• [EXERCISE DIRECTIONS]:
Without including any picture, transcribe the entries below word for word.

[[ EXERCISE INPUT, beginning ]]

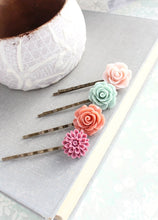 Load image into Gallery viewer, Flower Bobby Pins - BP1006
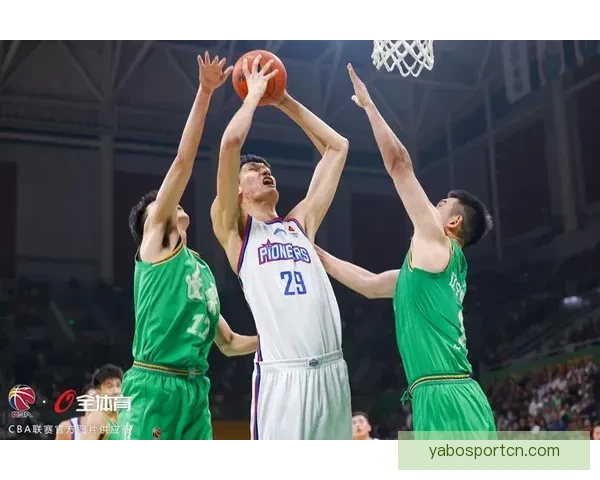 李弘权带领上海豪取十五连胜史密斯绝杀助深圳九连胜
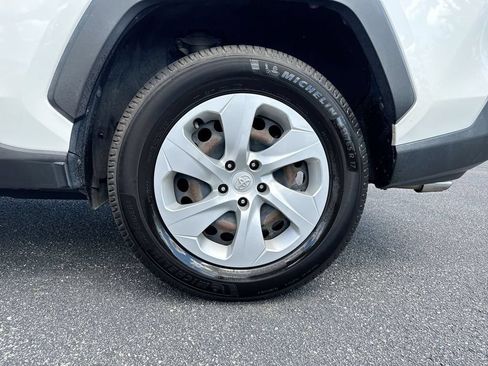 Used 2019 Toyota RAV4 LE AWD/4WD image 26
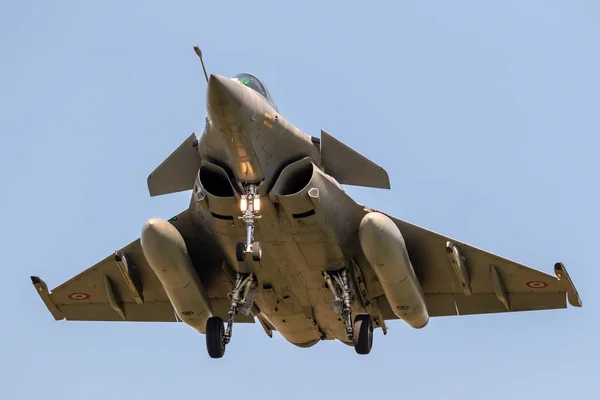 Franska Flygvapnet Fighter Jet Plan Landar Träning Frisiska Flagga — Stockfoto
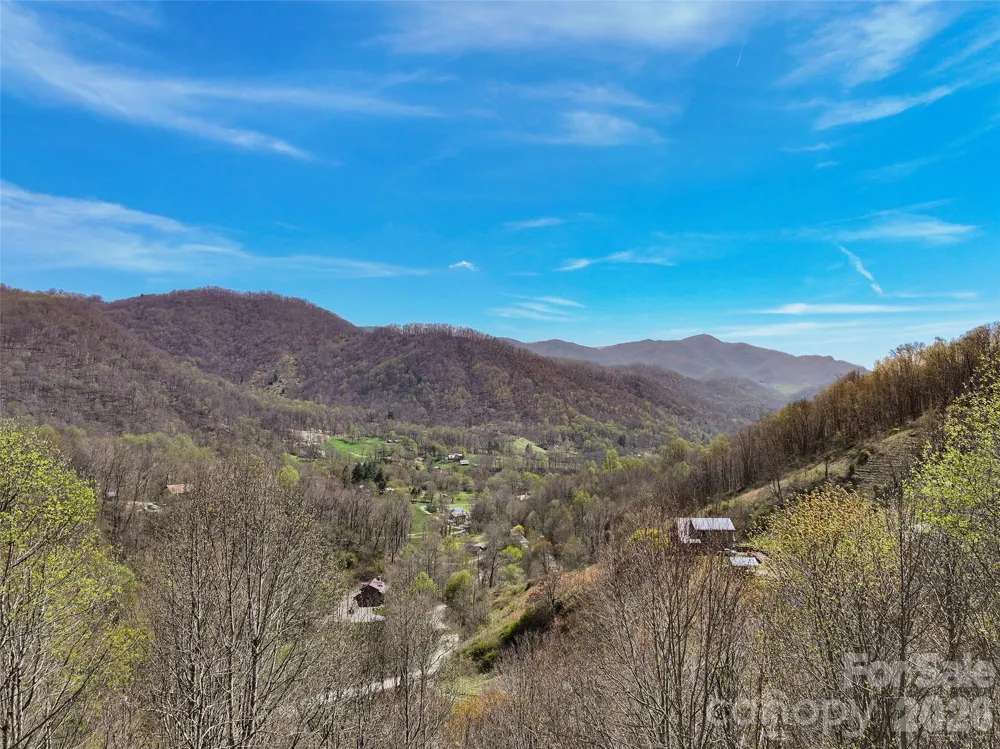 4823 Max Patch Road Clyde, NC 28721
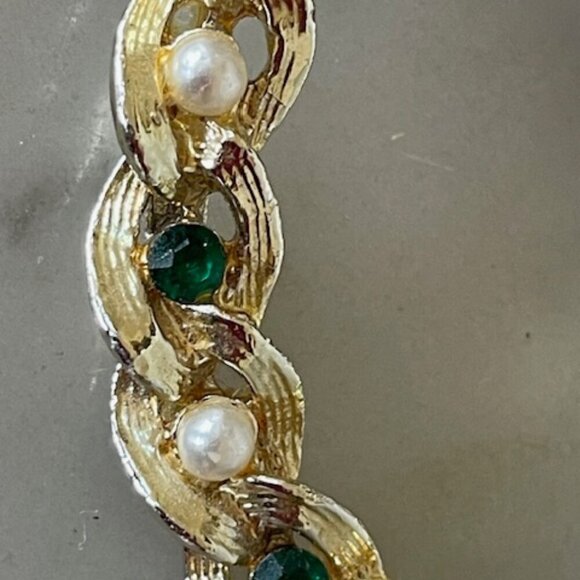 GERRY'S Vintage Gold Tone Pearl Emerald Rhinestone Oval Brooch Pin - Picture 9 of 12
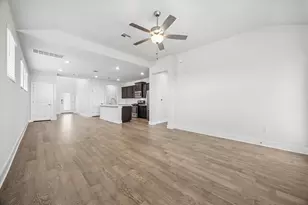 8503 McKamy Dr, Austin, TX 78744 - Photo 2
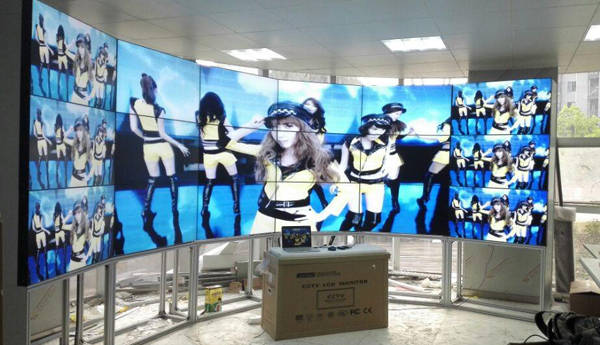 雅迅达液晶拼接屏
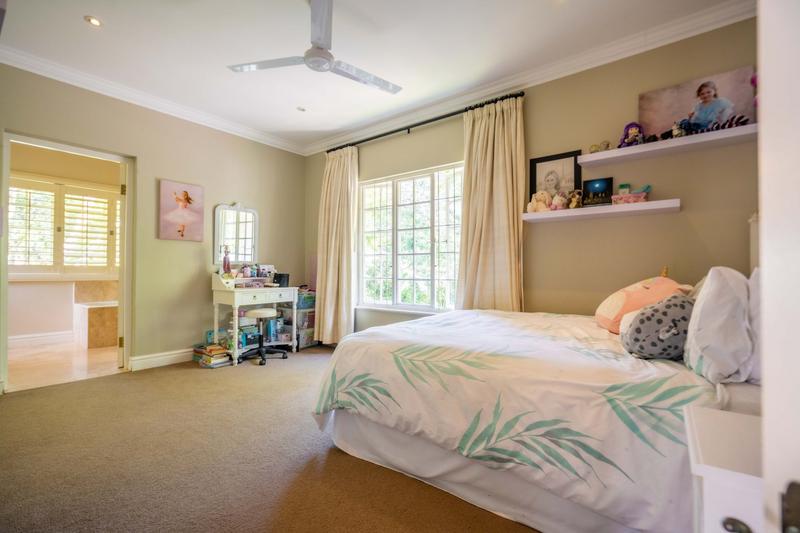 4 Bedroom Property for Sale in Kloof KwaZulu-Natal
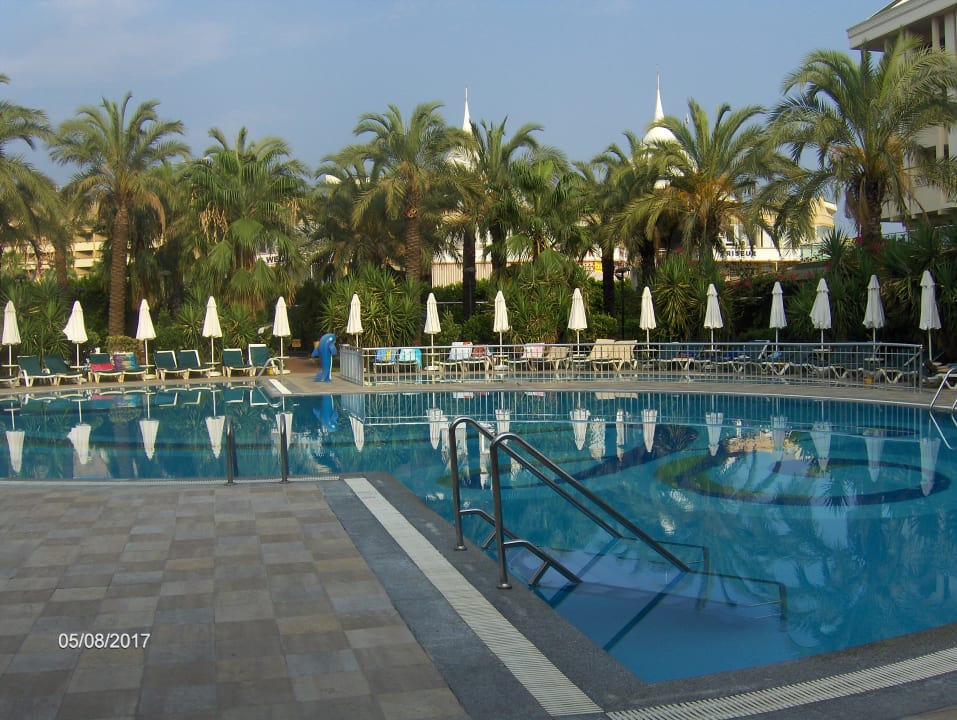 Pool Calimera Hane Garden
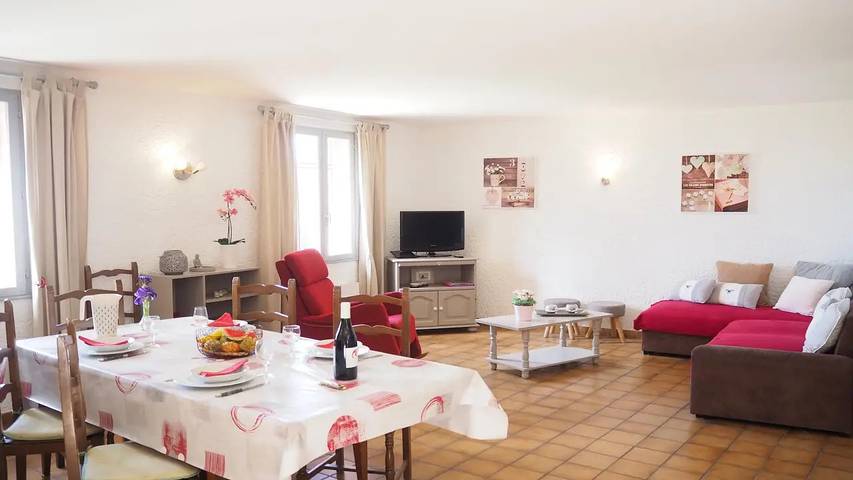 Ferienhaus für 5 Personen, mit Terrasse und Garten in Bédoin - 2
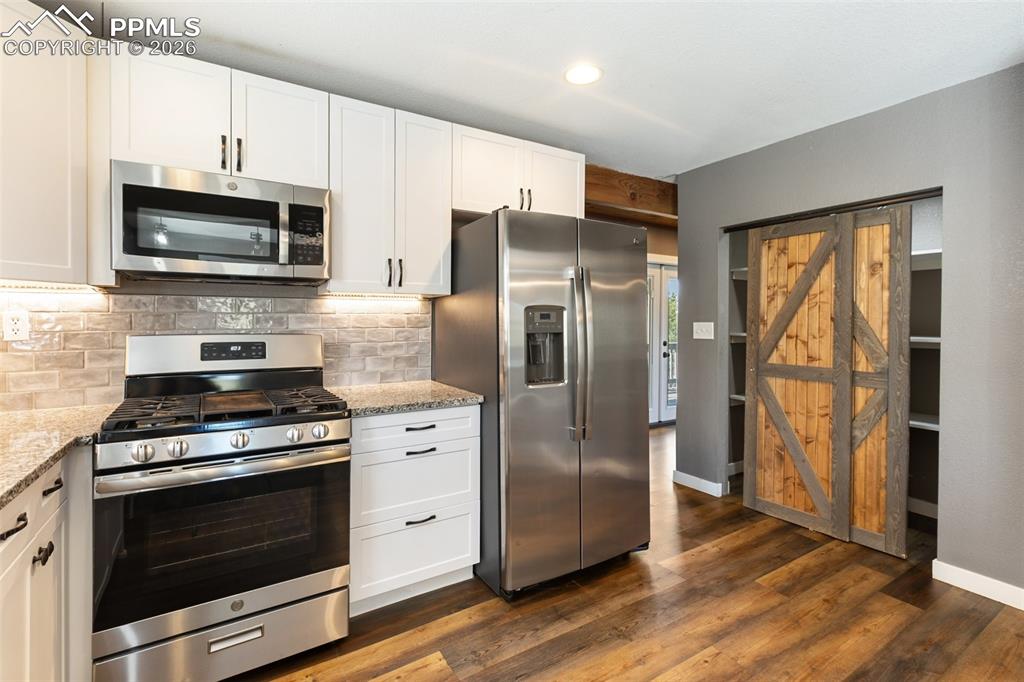 Image 22 of 50: Kitchen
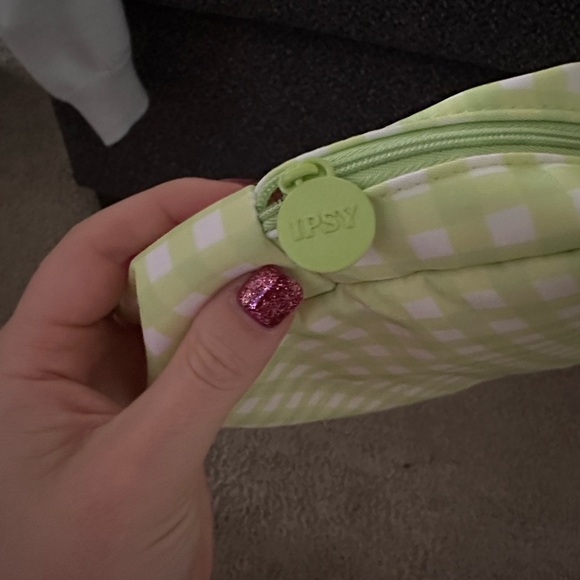 Ipsy Green Gingham Cosmetic Bag - Picture 5 of 6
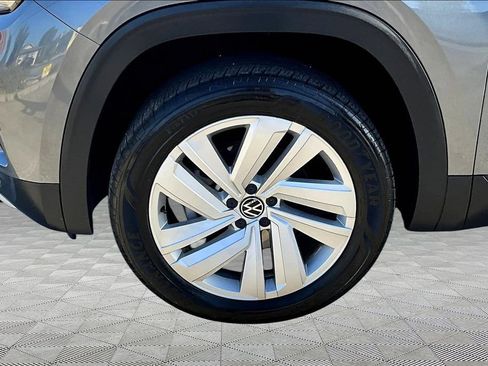 Used 2023 Volkswagen Atlas Cross Sport SE FWD image 31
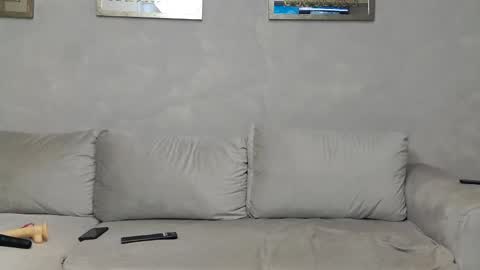 bethierusse online show from February 23, 10:59 pm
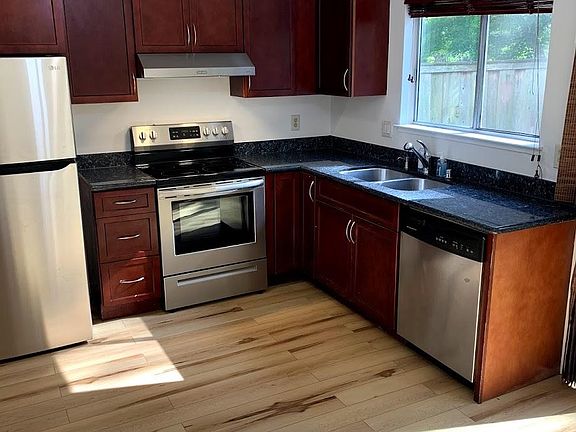 2nd image of 1049 Oddstad Blvd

[[ EXERCISE INPUT, end ]]

• [ANSWER AREA]:
 Load image into Gallery viewer, Flower Bobby Pins - BP1006
 李弘权带领上海豪取十五连胜史密斯绝杀助深圳九连胜
 Used 2019 Toyota RAV4 LE AWD/4WD image 26
 Franska Flygvapnet Fighter Jet Plan Landar Träning Frisiska Flagga — Stockfoto
 4823 Max Patch Road Clyde, NC 28721
 GERRY'S Vintage Gold Tone Pearl Emerald Rhinestone Oval Brooch Pin - Picture 9 of 12
 8503 McKamy Dr, Austin, TX 78744 - Photo 2
 雅迅达液晶拼接屏
 4 Bedroom Property for Sale in Kloof KwaZulu-Natal
 Pool Calimera Hane Garden
 Ferienhaus für 5 Personen, mit Terrasse und Garten in Bédoin - 2
 Image 22 of 50: Kitchen
 Ipsy Green Gingham Cosmetic Bag - Picture 5 of 6
 Used 2023 Volkswagen Atlas Cross Sport SE FWD image 31
 bethierusse online show from February 23, 10:59 pm
 2nd image of 1049 Oddstad Blvd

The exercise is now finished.